The spatial autocorrelation index gives a value = −0.382090 at the threshold of 0.298181 greater than alpha. Therefore, there is no autocorrelation between relative humidity values on a global scale. However, carrying out the General G test gives an index of 0.000023 read at the threshold of 0.37. It confirms the interpretation of the Moran index and allows us to conclude on the non-existence of aggregates in which local autocorrelation is expressed.

3.3. Case of CO₂

The map in Figure 5 shows the spatio-temporal variation of CO₂ levels. From

the analysis of the map data, it appears that the CO₂ contents vary between 400 and 1444 ppm with an average of 486.8 ± 184.33 ppm and a %CV = 37.86. CO₂ levels vary from one site to another. The high CO₂ emission zones are located at the major intersections of Cotonou such as the “Etoile rouge, Sica Toyota and Terrain” intersections.

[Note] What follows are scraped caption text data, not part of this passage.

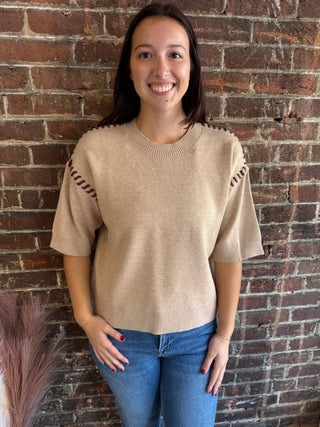 Caroline Sweater Top | Oatmeal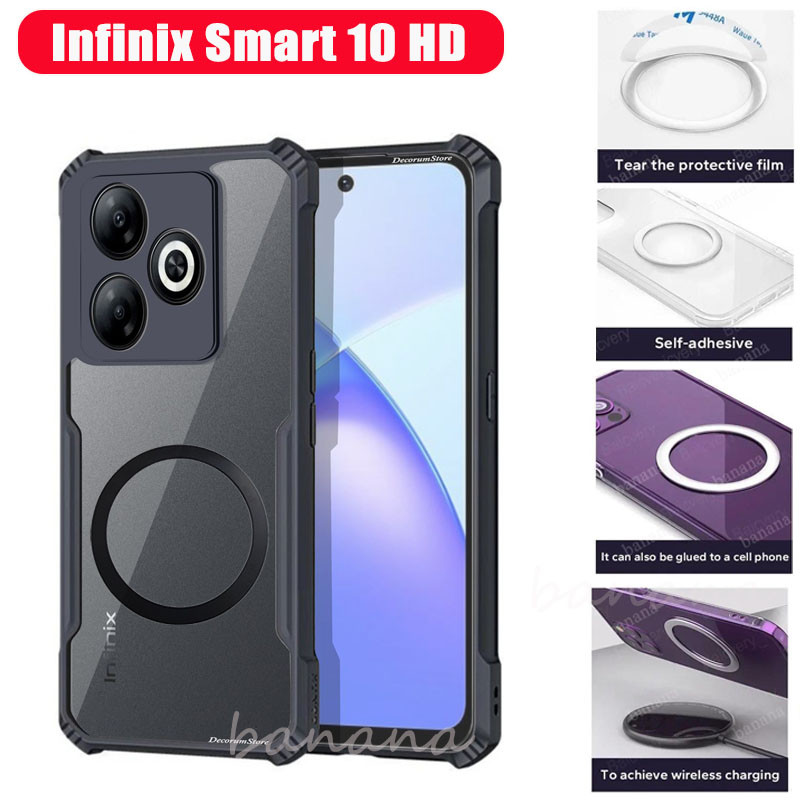 Samsung A17 Shockproof Case With Ring Iron Sheet Magnet For Samsung A07 A16 A06 Acrylic TPU Soft Anti-fall Casing Cover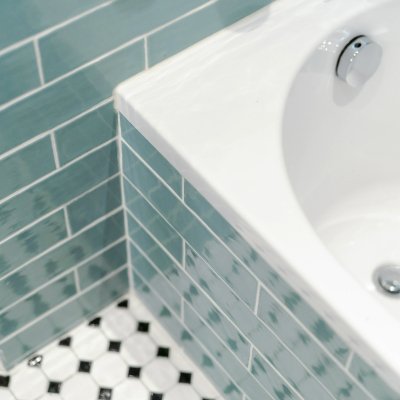 Carrelage bleu clair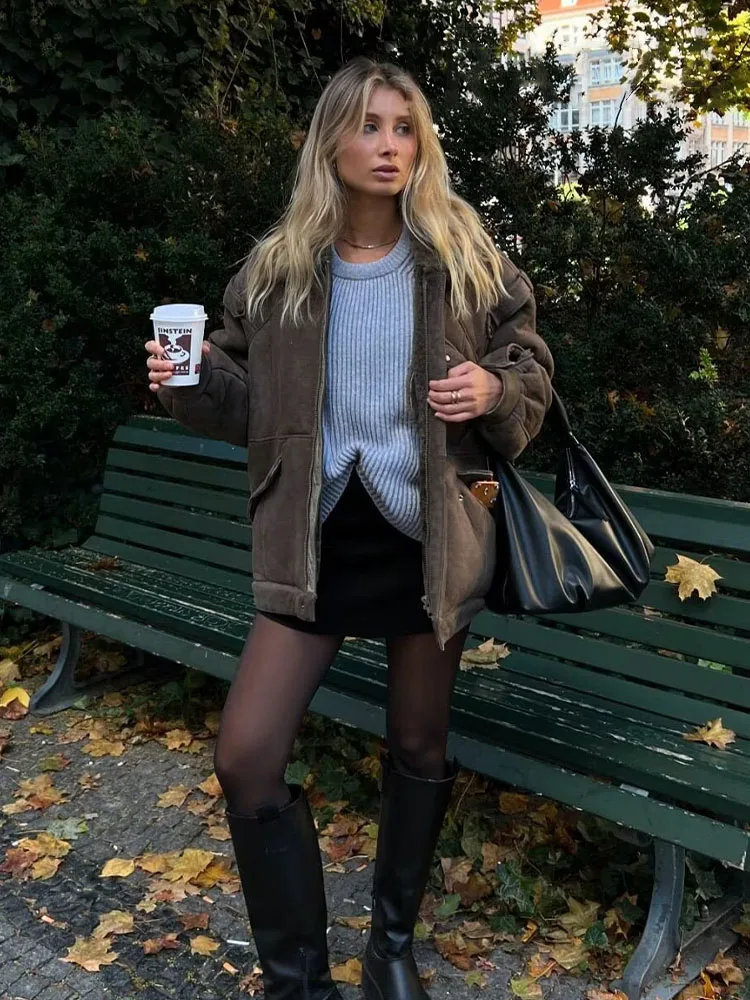 

TRAZFA женская осенняя модная замшевая юбка на бедрах в стиле ретро с защитными брюками внутри женская элегантная уличная повседневная юбка трапециевидной формы на молнии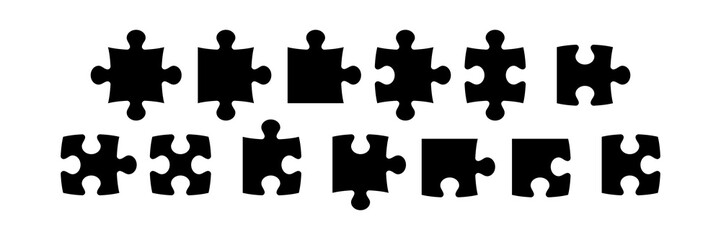 Puzzle pieces. Jigsaw template elements, puzzles shapes blank silhouettes. Logic kid game, jigsaw vector isolated set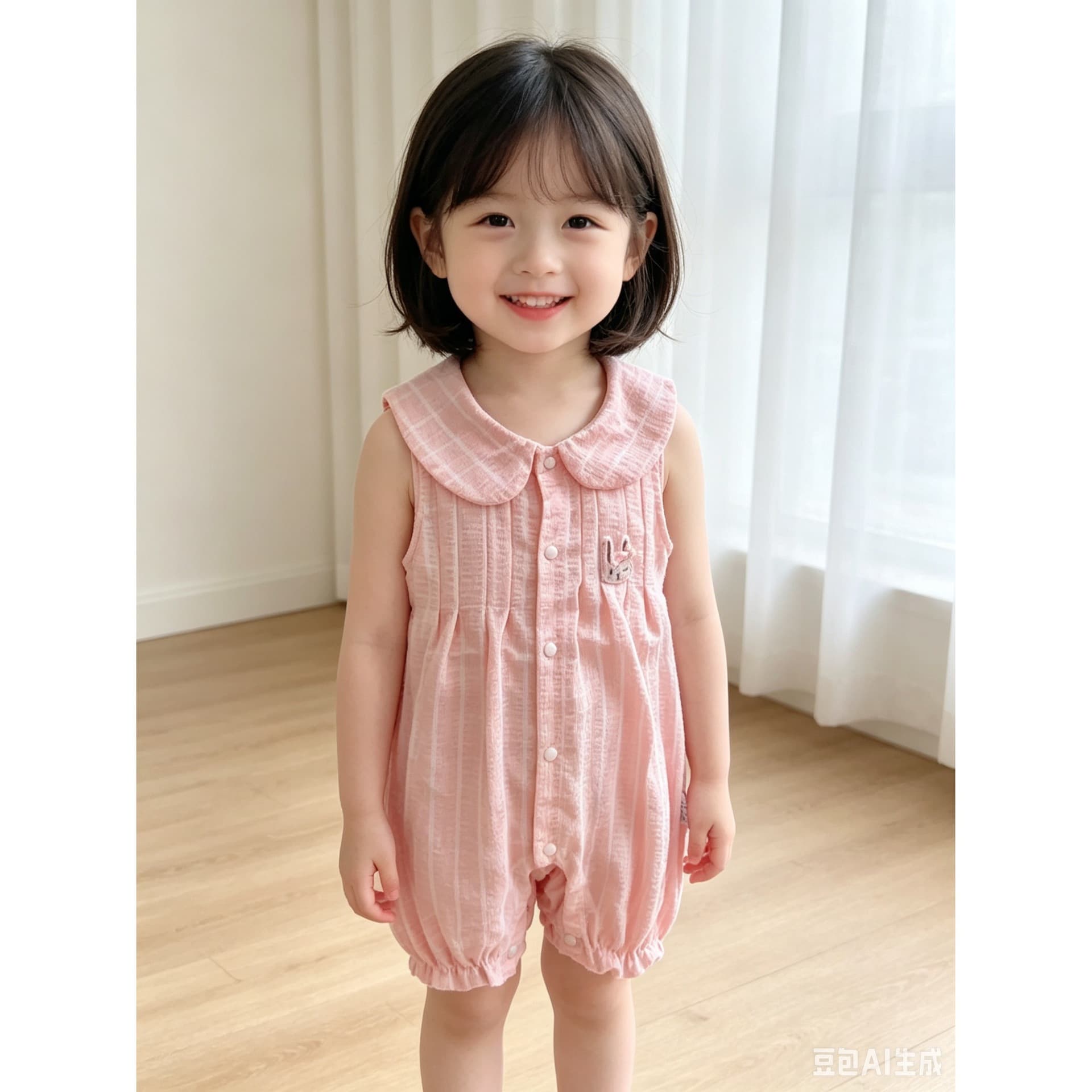 Baby girl summer breathable jumpsuit girls fashion striped sleeveless romper infant and toddler thin pink harem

The calculation of the spatial autocorrelation index carried out on the 10 collection points and the values observed on these points present the following results: Moran’s spatial autocorrelation index = −0.13; p-value = 0.91. The Moran index is close to 0. The realization of the regionalized random variable is therefore independent. This means that the CO₂ values at a collection point are not influenced by the values observed in neighboring points. It is therefore not possible to predict the CO₂ values at one point, knowing the values observed at another point, based on the distance that separates them. This observed independence may be the result of chance and only has value for the sample used for the calculation. It is therefore necessary to carry out a test to verify the validity of this spatial independence for the spatial variable in its entirety. This statistical test of independence of the regionalized variable gives a Z score equal to −0.10 at the threshold of 0.91. This threshold is below the critical threshold of 5%. We deduce from this a total absence of spatial autocorrelation over the entire variable. Given the z score of −0.10, the model does not appear to be significantly different from chance which supports the interpretation of the Moran index.

3.4. Case of PM_2.5

The map in Figure 6 shows the spatial distribution of PM_2.5 values.

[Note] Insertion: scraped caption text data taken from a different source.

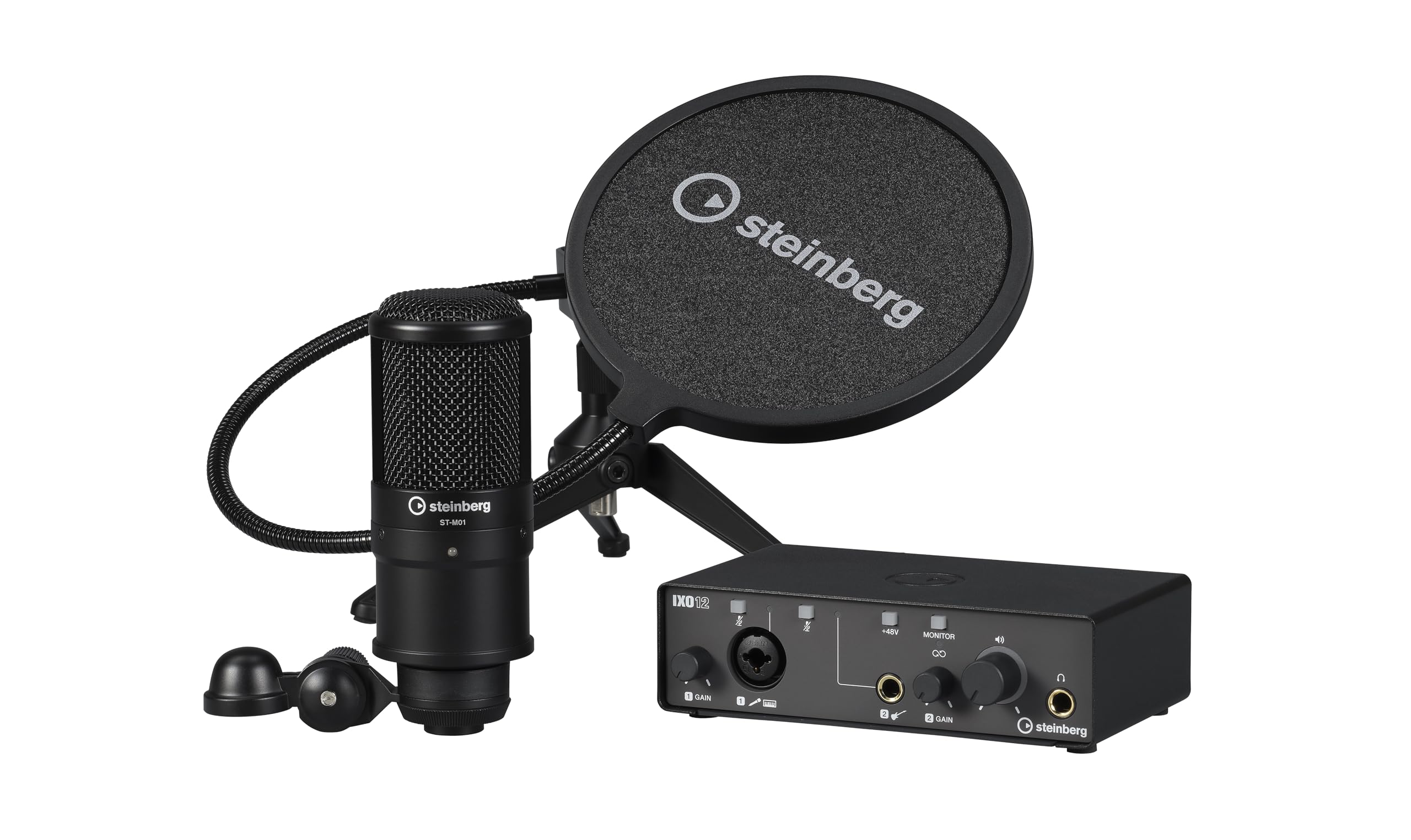 Steinberg Podcast Pack With Ixo12 Audio Interface, Studio Condenser Mic, Pop Shield, Cable, Table Top Stand, Cubase Ai, Cubasis 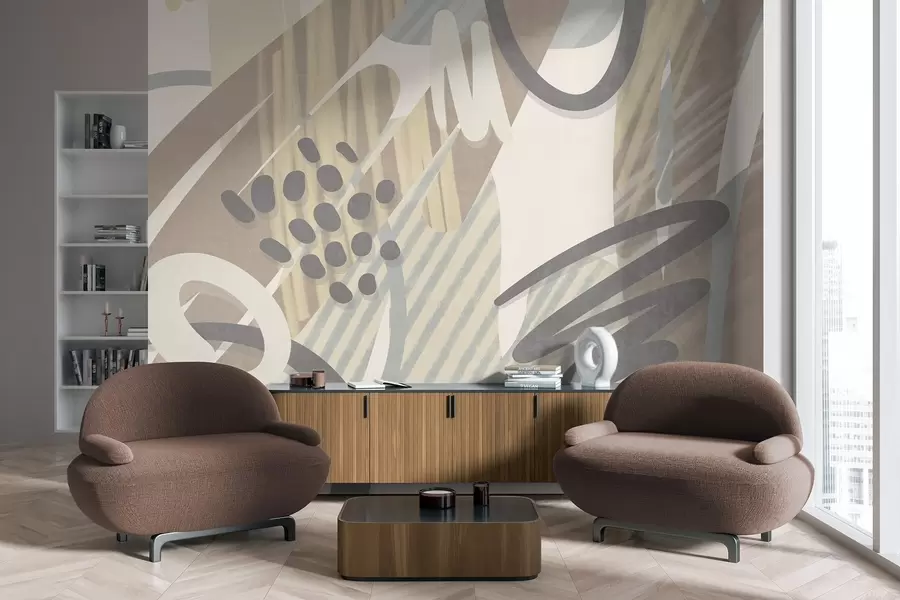 Fototapeedid Abstraktne tekstuurne trükis, millel on orgaanilised kujundid, kriipsud ja täpid vaoshoitud pastelltoonides w09774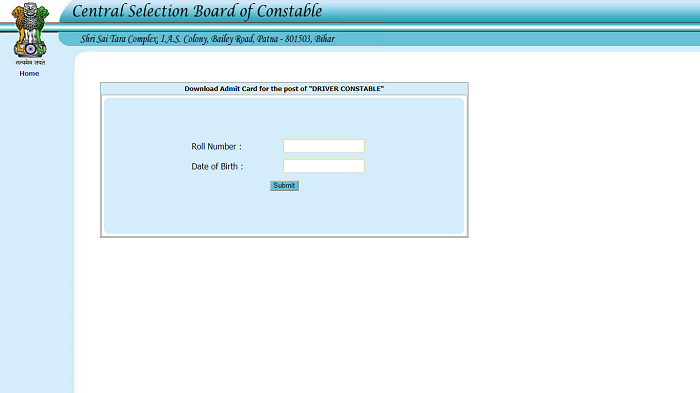 Bihar Police Driver Constable Admit Card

From the analysis of the information from the map in Figure 6, we note that the standard deviation ellipse is oriented East-West leading to suspect a spatial dependence of the PM_2.5 pollution data.

The Moran index is different from 0 at the threshold of 0.012211. There is therefore a probability of less than 5% that this clustered pattern is the result of chance. To confirm or refute this trend, we searched for the General G index whose z-score is 3.06427722821, hence there is less than 1% probability that this highly clustered pattern is the result of chance. To confirm or refute this trend, we looked for the General G index whose value is 0.000049 read at the threshold of 0.002. Exploring this test at the local scale reveals the existence of aggregates in which local autocorrelation is expressed. It is therefore appropriate to identify these aggregates and look for the factors behind these concentrations of similar values at certain points. In order to locate these spatial subsets, the local spatial association indices of Anselin Local Moran and Gi* of Getis-Ord are used.

The calculation of the Anselin and Moran Local Index is carried out on the values taken by PM_2.5 in order to identify areas of similarity. Figure 7 and Figure 8 show the maps relating to the levels of similarity/dissimilarity between neighboring points and highlight areas with homogeneous or heterogeneous values.

The map in Figure 7 shows that we have categorized where the Anselin Local

Moran Index Z score values have been categorized into three classes. The low value class (−1.71 to −0.70) expresses a dissimilarity between neighboring points. The classes of average values (−0.69 to 1.14) expressing an average similarity and high values (1.15 - 2.57) giving the strong similarities between neighboring points. Analysis of the map information in Figure 7 reveals two clusters of points in the southwest and one cluster of points in the southeast. The first cluster in the southwest is a subset of points of low similarity and medium similarity. On the other hand, the 2^nd subset brings together points of strong similarity. The last subset is composed of medium and strong similarity points. The first subset and the 3^rd subset are therefore heterogeneous zones, which implies that the PM_2.5 values observed in these places are dissimilar. The hypothesis of the existence of a structure in the spatial distribution of PM_2.5 values is therefore verified. However, it is necessary to analyze the aggregates more closely. This is what the use of the Getis-Ord GI* index aims to achieve.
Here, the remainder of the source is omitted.